Usmanbaş was an experimental composer, one of the second generation of Turkish composers, coming after the Five, and opposed to their ideas. He worked with a freedom of form and a concentration on intensity rather than melody, with techniques that include neo-classicism, aleatoric music, Twelve-tone technique, serialism, and minimalism. He wrote nearly 120 compositions.

Usmanbaş published books and translations, and wrote congress programs and articles during his long years as a lecturer of musical composition. He translated works in to Turkish, especially André Hodeir's Les Formes de la Musique as Müzik Türleri Ve Biçimleri , and Short History of World Music by Curt Sachs as Kısa Dünya Musikisi Tarihi. He became director of first the Ankara State Conservatory and then the Istanbul Conservatory where he was in office until 2011. He influenced generations of students including Fazıl Say. The sheet music collection of Usmanbaş's works is held by the Sevda-Cenap And Music Foundation.

=== Personal life ===
Usmanbaş married the soprano Atıfet (born 1923) in 1948. She died on 3 February 2022 at the age of 99 in a nursing residence and where they had lived for eleven years at the time.

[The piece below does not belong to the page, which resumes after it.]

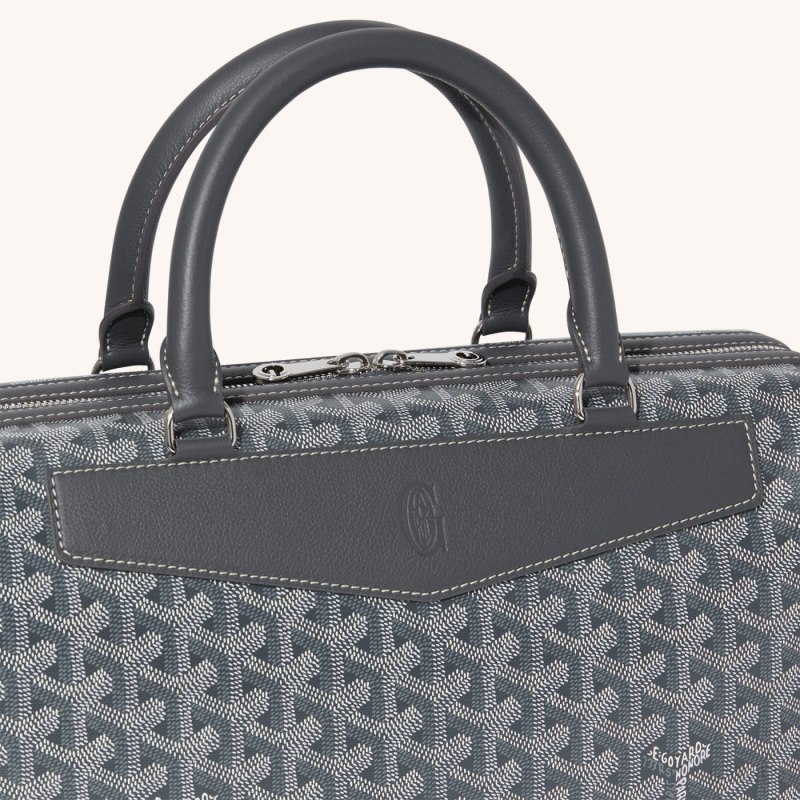 Goyard Cisalpin Document Case Çantası Gri | GY-KJA8224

İlhan Usmanbaş died on 30 January 2025 at the age of 103. (Note: Some sources mislabel his age as "104".) He was buried at Zincirlikuyu Cemetery following a memorial ceremony held at the Atatürk Cultural Center.

== Awards ==
Usmanbaş received more foreign awards and honours than any other Turkish composer. He received commissions from the Koussevitzky Foundation in the United States, the Fromm Music Award, the Koussevitzky Award in 1958, the Wieniawski Award in Poland in 1967, the award of the International Competition for Ballet Music in Switzerland in 69, and the prize of the International Composers Tribune in Paris. In 1971, Usmanbaş became a State Artist in Turkey. He received a gold medal from the Sevda–Cenap And Foundation in 1993. Boğaziçi University awarded him an honorary doctorate in 2000. He was presented with a Lifetime Achievement Award at the 32nd Istanbul International Music Festival in 2004.